A skirt seemingly made of sequined fiber optics crosses a coat made of mini metallic ruffles knitted with fur.

A long amber croc jacket follows a metal mesh evening dress and ribbed knit models with a turned bra.

On a brown crepe sheath, micro-stud embroidery forms a trompe-l'oeil body seeming to slim the silhouette.

“ 

I came up with it thinking about the women we dress on red carpets - there are more and more of them, and it's great, it's so rewarding for a designer to see their creations worn.

But personally, being in the spotlight is an exercise that I hate, that I find so stressful.

 » Most of the pieces were completed by artisans from the workshops who came from Rome to Paris overnight.

This very particular hand, which is that of the house of Fendi, is powerfully felt in this very edited parade of 39 passages.

Exceptional, these Baguette bags (whose ingenious shape and name were invented by Silvia Venturini-Fendi in 1997) in crocodile leather whose interior is lined with mink (from scraps).

Slipping your hand inside is an almost forbidden pleasure.

Fendi collection.

Julien Da Costa.

Robert Wun

, born in Hong Kong and established in London, has been showing during Parisian haute couture for two seasons.

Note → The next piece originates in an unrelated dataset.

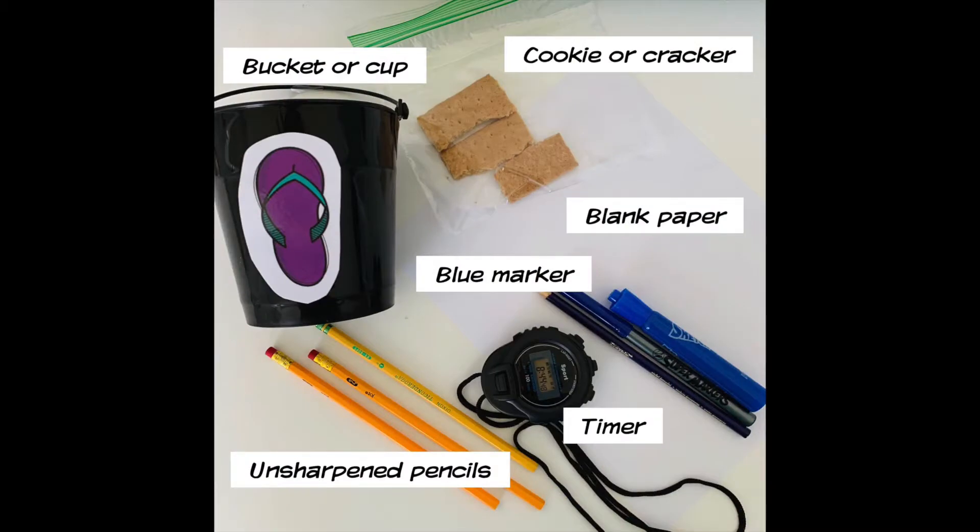Pause the video right here. You're gonna need to run around your house and find the following items: a cup or bucket, a cookie or cracker, blank paper, blue markers, a one-minute timer, and five unsharpened pencils.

His name circulated a lot last July, so much so that at the Palais de Tokyo, fans of unique pieces with burlesque, queer and gothic accents are there!

“ 

I started my brand ten years ago

,” says the thirty-year-old, as humble as his creations are exuberant.

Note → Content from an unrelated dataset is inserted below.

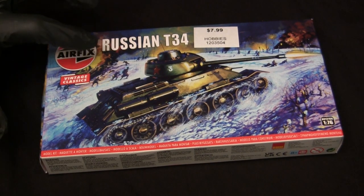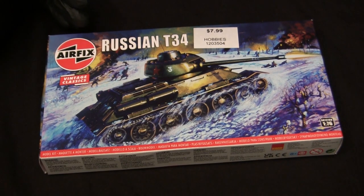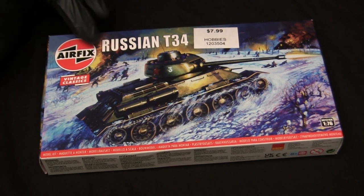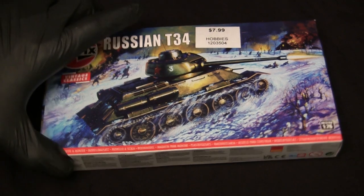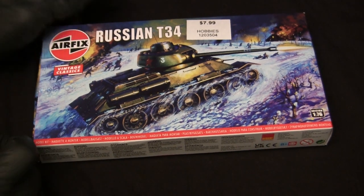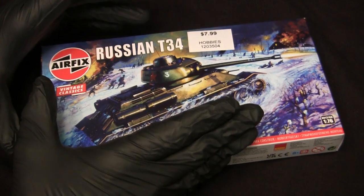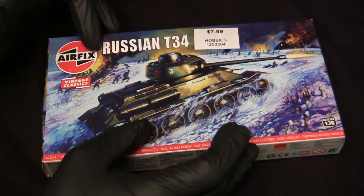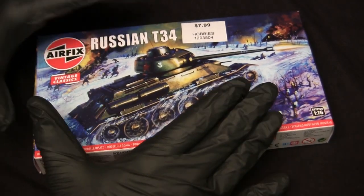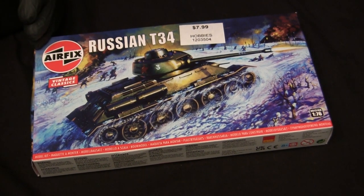It wasn't until around the 1960s that they tooled up a range of kits in 1:76 scale, and this T-34 is definitely one of them. The tooling dates back to the late 1960s — I want to say 1967 or 1968 — and these kits have been in almost constant production ever since. Little ECA factoid: my very first plastic tank model kit ever was an Airfix Sherman tank. So even though I don't really work in 1:72 or 1:76 or build many Airfix kits, the Airfix 1:76 scale tank range does have a special place for me personally.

This show is a way to reiterate my love for this profession

.

 » Her “ fire

” dress

 (made from silk chiffon painted with flames) was inspired by a documentary about a volcanologist getting so close to craters that he caught fire on each expedition.

The bride in white tulle splashed with blood-like red spots is intended to be a reflection on the symbolism of white and virginity.

A tulip skirt suit studded with Pollock-style spots embroidered with colored pearls with matching veil, fedora and pumps, meets a very, very well-made broken mirror-style coat, inspired by the character of Neo (Keanu Reeves) in The

Matrix

.

On the crest between costume and couture, these thirty looks are not aimed at ordinary mortals, but rather at Lady Gaga and Björk of the time.